Don't get me wrong - you can create a reasonable platform within Amazon RDS for SQL Server - if responsibility for managing this particular instance is something you want to remove - or perhaps you're a team without a traditional DBA role already. But I'd also suggest if you're already managing a fleet of servers, an additional SQL Server isn't going to make any considerable change to their workloads - especially if you want to treat your SQL Server cluster as the 'holy grail' within the organisation.

1. Read the User Guide for SQL Server, and Read it Again.

Read. This. Guide. I'm definitely one of those that skims through documentation seeking things that may stick out as red flags - especially when there's so much of it 'scenario' driven (i.e. feature X doesn't work when RDS is configured this way, or workaround issue X by doing something that seems quite destructive and counterintuitive - we will get to those). I spent a little time upfront going through the Limitations section expecting I'd find out what areas to focus on and build workarounds for just by sticking to that section alone. What you don't get from that is the sense of how 'limited' a particular function will actually be for your workload.

While you're unlikely to remember everything from reading the guide, or be any clearer about how you're going to deploy this wild and untamed beast, you'll hopefully have trigger phrases ready to come back to when you go about diagnosing why things don't work. Make sure you also read through the Common DBA Tasks to get an idea of the scale of changes to your normal every day processes that will require testing and rework - everything from creating logins, users and assigning roles, through how your database automatically resolves a recovery type based on some semi-related parameters you set (this one caught me out by surprise when working with replication via DMS) and one of many limitations working in Multi AZ environments.

2. Backups and Restore Procedures.

You've read through the manual and probably didn't see anything about Backups except some loose references to importing / exporing data and a list of limitations much longer than the product itself, and Amazon RDS's overall backup strategy.

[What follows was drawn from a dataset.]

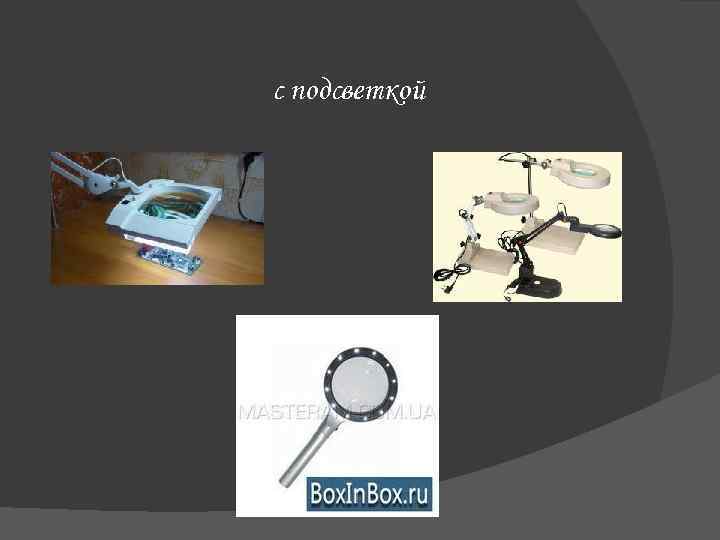 с подсветкой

Simply put, this is the weakest area of Amazon RDS for SQL Server.

First thing to note - you are not backing up the individual databases, you're snapshotting a fully functional instance with Point in Time Recovery capabilities. This is an important distinction that is difficult to explain to your powers that be who have never had to get in the weeds and recover data corruption. In fact, I don't think in my entire history of working with SQL Server I've ever found myself restoring a full instance from snapshot - or a production database in full. Typically, your production workload is still operational with corrupt data - so you attempt fixing data by writing queries to update bad data with good data.

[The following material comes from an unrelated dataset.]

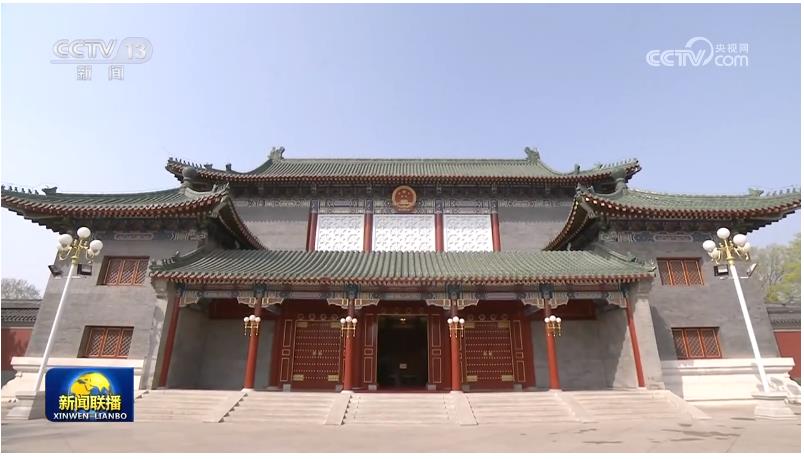 习近平在中共中央政治局第四次集体学习时强调 把学习贯彻新时代中国 特色社会主义思想不断引向深入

To do this, you'd use Transaction Logs to restore a copy of the database to your specified Point in Time (via SSMS) and will begin either writing queries or using Data Compare tools to write expected data back to where it belongs. Depending on how big the database is, this is usually a several minute process especially when your database size is < 100GB, and Transaction Logs are available on the host. Obviously clustered environments will take longer with the Synchronisation process however it's typically a fast resolution if you know the time an issue occurred.

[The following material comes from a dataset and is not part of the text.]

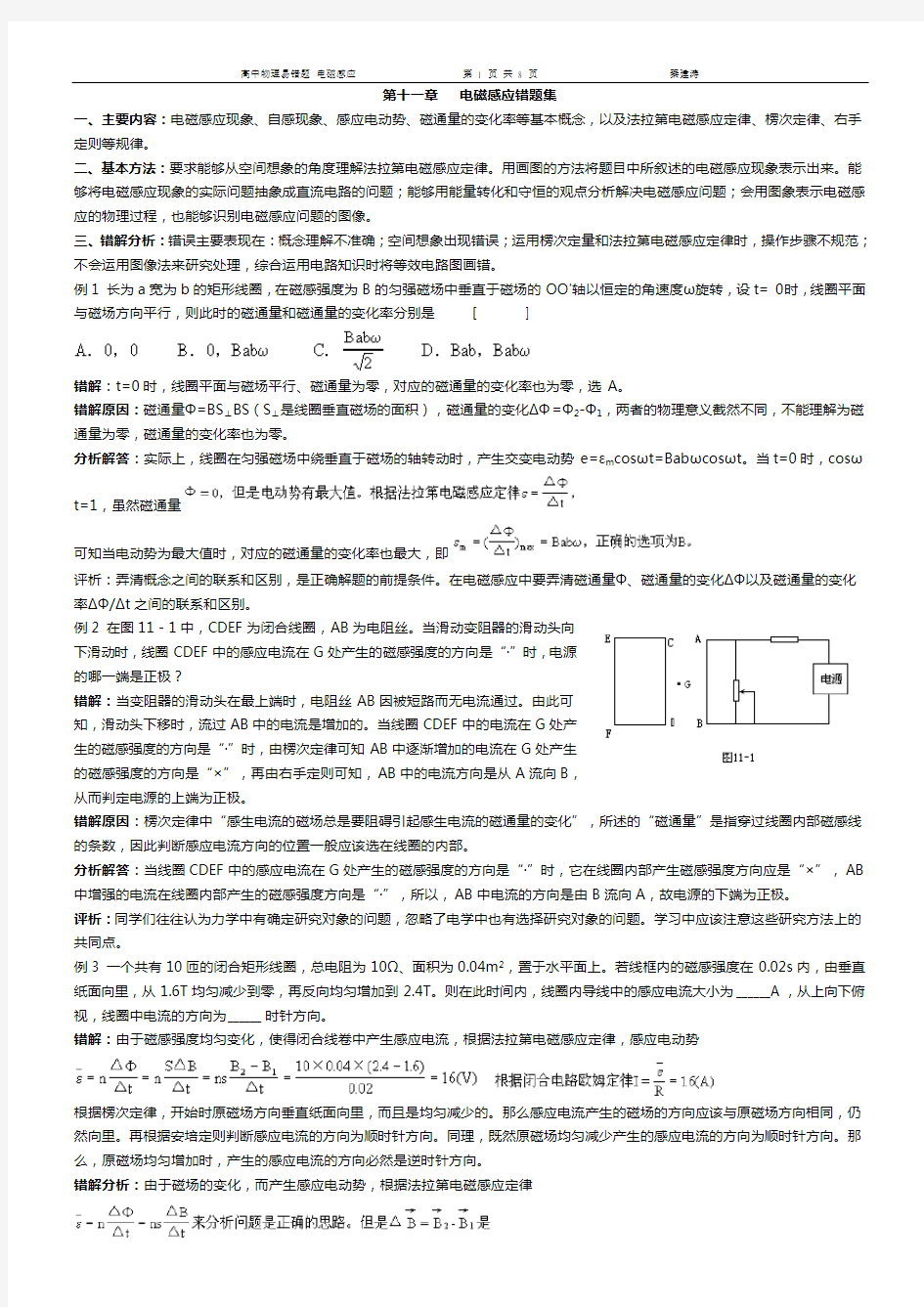 高中物理易错题精选 电磁感应错题集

This leads to the second point. Amazon RDS for SQL Server does not support backing up Transaction Logs. You kind of have access to Differential logs, however the Instance Snapshots are apparently tied into making use of Transaction Logs meaning the chain can be broken if they did allow you access to them. So it makes sense why they are not available - but it doesn't make recovering Data Corruption kinds of disasters any easier.

To work around this, you may find yourself building processes that include restoring an instance to a Point in Time (you'll get a brand new host name and you'll need to update your firewall rules, IAM policies, Security Groups, etc...) - this will take some time to complete - ensure you do this without Multi AZ unless you want to double your restoration time. You'll then need to make a decision on how you're getting the database over to your existing instance. You could do this by using Native SQL Backups and Restores, and you could also do this via establishing Linked Servers or using some sort of Data Pump to get the relevant data over to your new platform. All of these will impact your RTO / RPO objectives, so it's important to Test, and Test again.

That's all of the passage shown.